Saturday, 9 March 2013

Credit - The Yield Skeksis


"The ignorant mind, with its infinite afflictions, passions, and evils, is rooted in the three poisons. Greed, anger, and delusion." - Bodhidharma 

While watching the on-going "Yield Famine", with credit investors dipping their toes more and more clearly outside their comfort zone and snapping up CLOs (Collateralized Loan Obligations), providing the necessary fuel for the biggest surge in corporate buyouts since the outset of the financial crisis, we thought our weekly analogy should, no doubt, refer to some of the main antagonists, the Skeksis, from Jim Henson's legendary 1982 fantasy film the Dark Crystal.

In the Dark Crystal, the Skeksis are the corrupt rulers of the planet Thra, having inherited it from their benevolent Urskek predecessors. While they are the embodiment of their knowledgeable predecessors, due to the accelerated decomposition of their bodies, the Skeksis constantly search for ways to prolong their lives at all costs. In similar fashion to the Dark Crystal Skeksis, our Yield Skeksis constantly search for ways to enhance their yield returns.
The primary method of the original Skeksis was to expose themselves to sunlight channeled directly through the Dark Crystal, though the amount of energy replenished to them was greatly dependent on the conjunction of Thra's three suns. In similar fashion, our Yield Skeksis are highly dependent on interest levels set up globally by the Central banks to replenish their level of "energy". 

Another method used by the original Skeksis to prolong their lives at all cost was to drain the lifeforce from other life-forms by exposing them to the reflect beams of the Dark Crystal, with the life-force collected in a liquid form (or coupons for our Yield Skeksis) and drunk only by the Emperor, who regains his youthful appearance. The effect on the drained victims was to turn them into near-mindless husks which the Skeksis use as slaves.

Looking at the incredible surge of Greece ASE equity index since 2012 (up more than 110%), in similar fashion to the end of the Dark Crystal, following the unification of the crystal triggering in effect the merger between the Mystics and the Skeksis, the land is shown rejuvenated and equities rallied:
No doubt, our post from the 4th of March 2012 entitled "Equities, there is life (and value) after default!", indicates the powerful effect of bond restructuring / partial default can have on equities. It looks "crystal clear" to us, but we ramble again...

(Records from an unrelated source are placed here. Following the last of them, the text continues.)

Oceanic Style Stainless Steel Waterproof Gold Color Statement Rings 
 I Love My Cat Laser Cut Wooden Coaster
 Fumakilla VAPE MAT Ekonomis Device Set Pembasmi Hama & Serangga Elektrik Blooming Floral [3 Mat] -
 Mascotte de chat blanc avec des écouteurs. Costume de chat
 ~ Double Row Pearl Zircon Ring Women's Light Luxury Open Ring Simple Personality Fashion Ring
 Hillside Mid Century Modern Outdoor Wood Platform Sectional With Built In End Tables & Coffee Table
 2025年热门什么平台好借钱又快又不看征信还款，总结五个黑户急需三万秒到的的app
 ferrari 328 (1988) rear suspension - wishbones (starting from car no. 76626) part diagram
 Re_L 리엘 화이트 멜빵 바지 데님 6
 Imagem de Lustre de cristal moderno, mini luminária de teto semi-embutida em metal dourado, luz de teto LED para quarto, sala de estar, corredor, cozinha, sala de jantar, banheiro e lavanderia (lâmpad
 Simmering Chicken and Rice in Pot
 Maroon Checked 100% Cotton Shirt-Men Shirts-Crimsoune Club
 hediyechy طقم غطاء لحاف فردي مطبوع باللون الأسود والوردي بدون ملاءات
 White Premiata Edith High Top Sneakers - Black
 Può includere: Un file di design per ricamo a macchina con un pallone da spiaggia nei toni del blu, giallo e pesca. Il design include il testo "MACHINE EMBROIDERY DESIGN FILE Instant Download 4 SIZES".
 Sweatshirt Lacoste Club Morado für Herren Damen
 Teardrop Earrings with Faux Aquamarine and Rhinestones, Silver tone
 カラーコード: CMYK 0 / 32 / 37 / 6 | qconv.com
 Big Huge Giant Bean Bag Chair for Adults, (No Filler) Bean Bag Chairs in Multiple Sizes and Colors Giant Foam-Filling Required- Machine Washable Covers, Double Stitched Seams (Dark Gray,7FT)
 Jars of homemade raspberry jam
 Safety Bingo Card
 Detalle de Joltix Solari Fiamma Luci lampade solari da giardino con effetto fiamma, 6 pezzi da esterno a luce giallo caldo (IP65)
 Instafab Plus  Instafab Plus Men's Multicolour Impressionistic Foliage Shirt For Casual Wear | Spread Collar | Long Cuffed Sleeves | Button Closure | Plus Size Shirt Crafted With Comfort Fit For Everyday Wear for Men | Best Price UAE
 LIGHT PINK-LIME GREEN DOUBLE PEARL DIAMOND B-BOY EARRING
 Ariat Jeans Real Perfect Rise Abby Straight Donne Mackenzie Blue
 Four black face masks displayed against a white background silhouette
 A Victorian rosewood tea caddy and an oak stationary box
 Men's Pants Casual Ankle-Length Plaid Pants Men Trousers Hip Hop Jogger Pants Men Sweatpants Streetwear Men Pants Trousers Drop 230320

Of course our reference to the corrupt Skeksis from the Dark Crystal and some European politicians would be purely fortuitous as the saying goes. Although the Skeksis are capable of forming alliances, they are by nature extremely paranoid toward each other. After all the Skeksis were only 10 compared to the 27 members of the European Union:
-The Emperor skekSo (having originally been an energetic ruler who enjoyed lavish festivity and sporting events which he invariably won. As he aged however, he became increasingly paranoid and spiteful).
-The Chamberlain skekSil (skekSil is the most devious, most notably as his intentions are never fully revealed and seemingly contradictory).
-The Scientist skekTek (the other Skeksis fear him out of ignorance of his work. His fascination with anatomy was very great he went as far as amputating his right arm and leg, replacing them with mechanical constructs).
-The Ritual Master (aka High Priest) skekZok (spearheads the various rituals the Skeksis practice such as the "Ceremony of the Sun", and sees their laws as absolute).
-The The Garthim Master (aka General) skekUng (his constant blundering in the capture of the surviving gelflings fails to evoke the desired respect of his subjects).
-The Gourmand skekAyuk
-The Slave Master skekNa
-The Treasurer skekShod (He frequently bribes the other skeksis into temporarily loaning him their personal possessions).
-The Scroll Keeper (aka Historian) skekOk, (also the most dishonest as he constantly rewrites the Skeksis' history to suit his allegiances and propaganda needs).
-The Ornamentalist skekEkt (skekEkt is nonetheless described in The World of the Dark Crystal as an extremely vain and callous character who would gladly cause the death of countless animals for the sake of fabricating one cloak).
but we wander in our thoughts once more.

Similar to the Skeksis from the Dark Crystal, by preventing the ultimate restructuring  in Europe (which will eventually happen), creative destruction cannot happen in true Schumpeter fashion.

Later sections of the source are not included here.